SNL 40 – An Incredible Trip Down Memory Lane


I’ve been watching Saturday Night Live for as long as I can remember.  In all honesty, probably longer than my parents should have allowed me to.  Sunday’s three and a half hour spectacle was something I have been looking forward to for months.  To have a television show evolve over 40 years, and still stay relevant is quite the accomplishment.  I wasn’t exactly sure what to expect on the show, but when I read that it was going to be 3.5 hours, I knew I was going to be in for something special.

I honestly can’t think of another situation, in television, sports, or entertainment that could something like this could be accurately compared to.  You can people from the first cast in 1975 performing along side current cast members in skits and it just worked.  Its hard to even comprehend how difficult it must have been to write and produce not only a show of that length, but of that star power.  Afterwards it was said that Lorne Michaels continued to call all the shots, even on the 40th anniversary episode.  Even after 40 years, it seems as if Michaels is becoming more powerful with age.  He helped create the sitcom 30 Rock, and now produces both Jimmy Fallon on the Tonight Show, and Seth Myers on his Late Show as well, with each of those men being SNL alums.

The special aired on Sunday, February 15.  It went up against the NBA All-Star game, as well as The Walking Dead, was over three hours in duration, and still manage to draw in 23 million viewers, a truly staggering number.  There are many theories out there as to the reason behind the rating.  I like the thought of multi generations of people being able to sit in front of the television and remembering characters that were part of their youth.

As I’ve said in previous posts, my favorite part of Saturday Night Live has always been the music.  It seems as if SNL always seems to catch musical acts at the perfect time when they are just about to take off.  I’m sure it is more than difficult to try to cover 40 years of a television show, but I thought they did themselves an injustice by not showing some of the seminal music performances.  Whether it was the Rolling Stones in the 1970s, Nirvana, Sinead O’Connor, or even the Ashley Simpson lip syncing debacle, music has played such an integral role in the show that it would have been great if there was a bit more focus on it.
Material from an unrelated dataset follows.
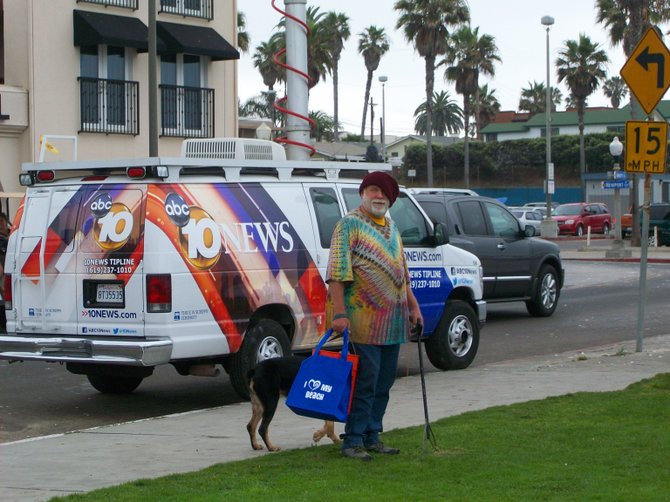 Volunteer with dog at Marshmallow clean-up in Ocean Beach.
The only other downside of the evening was what took place with the long awaited return of Eddie Murphy to the SNL stage.  Eddies hasn’t been back in over 30 years, and when he agreed to be on the show, he was the most anticipated return.  Nobody knew if he would do one of his old characters, some standup jokes, or what.  After an amazing introduction by Chris Rock, Eddie seemed uncomfortable, said a few ‘thanks’, and quickly went to commercial.  News ended up breaking Thursday that Eddie was offered to play the Bill Cosby role in the ‘Celebrity Jeopardy’ skit.  This would have absolutely brought the house down, but you have to give some credit to Murphy, as he was quoted that he “didn’t want to kick a man while he was down”.

When it was all said and done, it was amazing show.  Many say the after party was even better.  It could be the best thing to happen to the current staff, as I know I’m hungry to build up new memories with the show in the now, that can maybe be relived at the 50th Anniversary Special.